DOI: 10.18287/2412-6179-CO-1151

Страницы: 53-61.

Язык статьи: English.

Tin oxide (SnO2) thin films was prepared by dip-coating technique at various bath temperatures (313, 333, 353 and 373 K) and annealed at 673 K in this study. And the obtained results were studied and correlated with the computational method. Scanning electron microscopy (SEM) investigation demonstrated that the prepared samples are spherical with agglomeration. The elemental analysis (EDAX) confirms the presence of Sn and O. Further, the SnO2 thin films microstructures are simulated, their thermodynamic and surface properties have been calculated. Micro-Raman spectra were recorded for the prepared samples. Micro-Raman results exhibit the first-order Raman mode E1g (475 cm−1) indicating that the grown SnO2 belongs to the rutile structure. In addition, the envelope method used for studying optical characteristics of the thin films from the transmittance spectra. The semiconducting nature of the films has been noticed from linear I-V characteristics. Furthermore, the electrical conductivity studies suggest that the highest conductivity samples acquire the lowest activation energy and their values are also in the semiconducting range.

Ключевые слова:
SnO2 thin films, dip-coating technique, computational method, thermodynamic and surface characteristics, gibbs free energy and electrical conductivity.

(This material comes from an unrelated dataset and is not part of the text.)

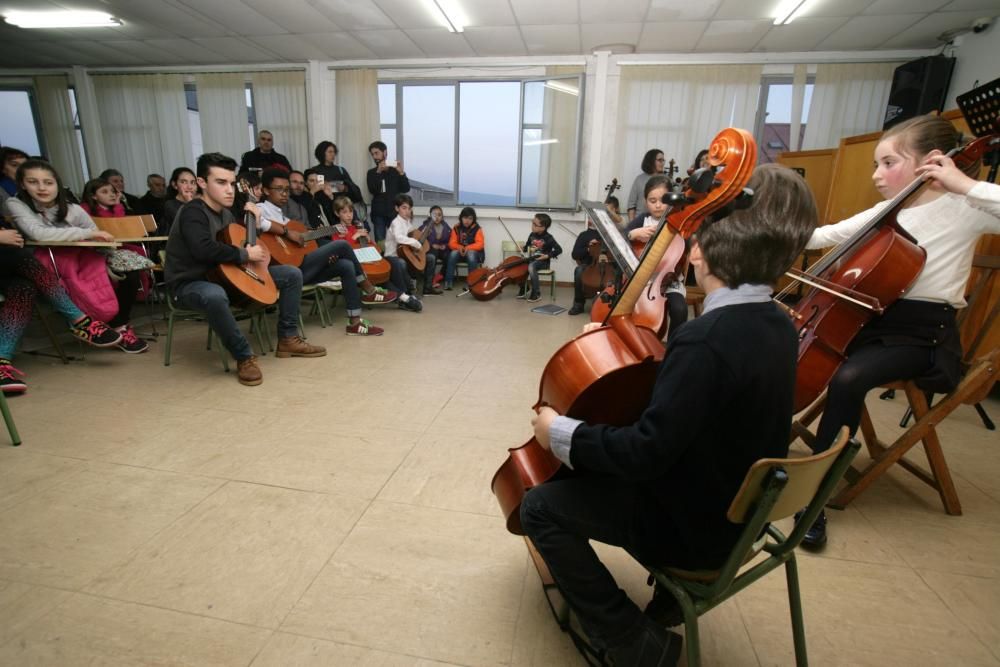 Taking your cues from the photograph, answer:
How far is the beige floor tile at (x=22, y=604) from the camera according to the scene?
112 centimetres

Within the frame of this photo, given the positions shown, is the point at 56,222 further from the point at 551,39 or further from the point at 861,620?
the point at 551,39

The work was supported by Act 211 Government of the Russian Federation, contract 02.A03.21.0011 and by the Ministry of Science and Higher Education of Russia (Grant FENU-2020-0019).

Gurushankar K, Grishina M, Gohulkumar M, Kannan K. Computational and experimental studies on SnO2 thin films at various temperatures. Computer Optics 2023; 47 (1): 53-61. DOI: 10.18287/2412-6179-CO-1151.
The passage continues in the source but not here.